• [What you have to do] Output the data below only from the line containing "Photo 5 — 124" up to and including the line containing "Vilă elegantă cu etaj în Zădăreni - Poză 25", exact and with the pictures left out.

• [Dataset]
# # # # # # #

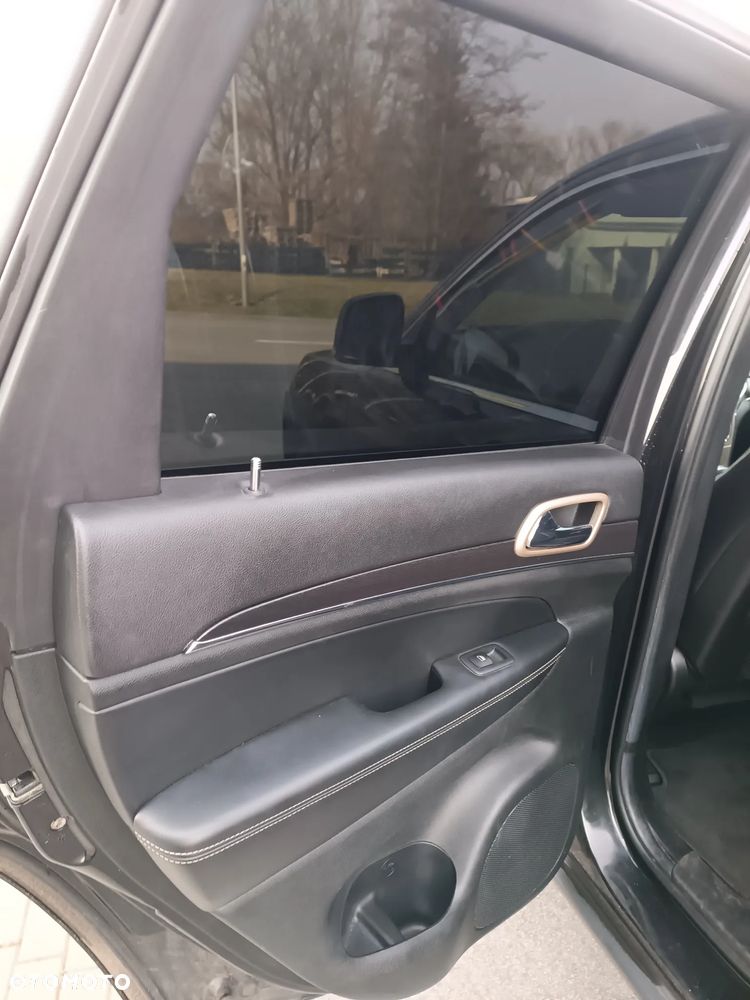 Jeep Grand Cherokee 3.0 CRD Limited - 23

# # # # # # #

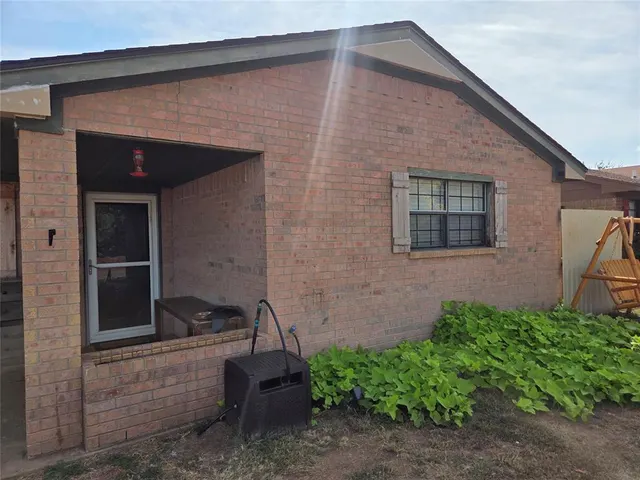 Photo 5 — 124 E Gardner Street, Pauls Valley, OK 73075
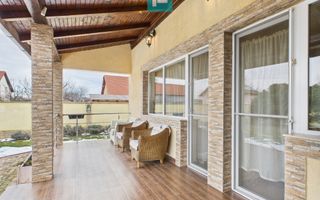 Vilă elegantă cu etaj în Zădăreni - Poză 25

# # # # # # #

• [Written reply]
 Photo 5 — 124 E Gardner Street, Pauls Valley, OK 73075
 Vilă elegantă cu etaj în Zădăreni - Poză 25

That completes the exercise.